Unspecified launch failure when launch my kernel

Hi!

I’m a newbie of CUDA programming and I’m writing my simple kernel for matrix-vector multiplication. I don’t know why it doesn’t work; the application code is the following:

// REAL is essentially a float

// I've omitted some error check code

__global__ void my_mv_kernel(REAL *y, const REAL *a, const REAL *x, const int Width)

{

	__shared__ REAL as[TILE_WIDTH][TILE_WIDTH];

	__shared__ REAL xs[TILE_WIDTH];

	

	REAL sum = 0.0f;

	for(int m = 0; m < (Width>>5); ++m){

		as[tx][ty] = a[(m << 5)+tx];

		xs[tx] = x[tx];

		for(int k = 0; k < TILE_WIDTH; ++k)

			sum += as[tx][k] * xs[k];

	}

	y[tx] = sum;

}

int main(int argc, char** argv)

{

	REAL* h_A;

	REAL* h_x;

	REAL* h_y;

	REAL *d_A = 0;

	REAL* d_x = 0;

	REAL* d_y = 0;

	n2 = N * N;

	h_A = (REAL*)Malloc(n2 * sizeof(h_A[0]));

	h_x = (REAL*)Malloc(N * sizeof(h_x[0]));

	cudaMallocHost((void **)&h_y, N*sizeof(h_y[0]));

	blkNum = (N >> 4) + ((N & 15) ? 1 : 0);

	dim3 threads(16, 16);

	dim3 grid(blkNum, 1);

	for (i = 0; i < n2; i++) {

	  h_A[i] = (REAL)drand48();

	}

	cudaMalloc((void **) &d_x, N * sizeof(REAL));

	cudaMalloc((void **) &d_y, N * sizeof(REAL));

	for (i = 0; i < N; i++) {

	  h_y[i] = (REAL)0;

	}

	cudaMemcpy(d_y, h_y, N * sizeof(REAL), cudaMemcpyHostToDevice);

	for (j = 0; j < N; j++) {

		h_x[j] = (REAL)drand48();

	}

	CUDA_SAFE_CALL(cudaMemcpy(d_x, h_x, N * sizeof(REAL), cudaMemcpyHostToDevice));

	my_mv_kernel<<< grid, threads >>>(d_y, d_A, d_x, N);

	CUDA_SAFE_CALL( cudaThreadSynchronize() );

	...

}

The error “Unspecified launch failure” show as guilty line in which there is CUDA_SAFE_CALL( cudaThreadSynchronize() ).
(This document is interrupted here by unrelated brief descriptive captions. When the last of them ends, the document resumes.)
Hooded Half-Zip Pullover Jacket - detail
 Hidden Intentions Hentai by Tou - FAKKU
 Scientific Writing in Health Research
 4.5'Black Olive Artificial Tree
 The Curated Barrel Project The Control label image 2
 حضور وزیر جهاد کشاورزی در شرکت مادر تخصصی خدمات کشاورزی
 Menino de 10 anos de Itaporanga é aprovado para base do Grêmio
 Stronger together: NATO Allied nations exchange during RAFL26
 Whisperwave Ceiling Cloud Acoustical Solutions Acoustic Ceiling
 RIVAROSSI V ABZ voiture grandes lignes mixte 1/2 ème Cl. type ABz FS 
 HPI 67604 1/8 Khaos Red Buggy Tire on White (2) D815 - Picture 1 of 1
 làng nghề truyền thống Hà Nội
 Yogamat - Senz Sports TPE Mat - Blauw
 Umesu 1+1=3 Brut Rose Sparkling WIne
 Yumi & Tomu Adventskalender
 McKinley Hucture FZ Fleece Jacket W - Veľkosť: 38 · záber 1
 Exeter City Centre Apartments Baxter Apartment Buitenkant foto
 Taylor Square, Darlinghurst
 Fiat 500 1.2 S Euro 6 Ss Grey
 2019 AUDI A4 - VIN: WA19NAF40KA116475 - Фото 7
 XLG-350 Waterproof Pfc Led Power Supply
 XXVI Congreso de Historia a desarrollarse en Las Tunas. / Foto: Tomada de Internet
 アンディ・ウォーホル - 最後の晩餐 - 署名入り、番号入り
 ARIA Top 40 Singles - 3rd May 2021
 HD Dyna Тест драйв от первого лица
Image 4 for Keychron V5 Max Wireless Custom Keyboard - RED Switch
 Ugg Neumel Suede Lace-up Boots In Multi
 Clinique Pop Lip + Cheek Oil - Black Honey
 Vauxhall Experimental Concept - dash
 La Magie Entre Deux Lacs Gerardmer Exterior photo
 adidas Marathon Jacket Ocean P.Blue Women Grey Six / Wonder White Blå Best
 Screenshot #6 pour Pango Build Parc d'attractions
What can I do?

Apparently you have not allocated memory on GPU for “d_A” which is passed to the kernel as a host pointer. Allocate memory for it on host and then pass it to the kernel.

Every pointer that you pass to kernel should be pointing to device memory (exception is pagelocked memory)

Exact, you’re right!!! Now it works. Thanks a lot.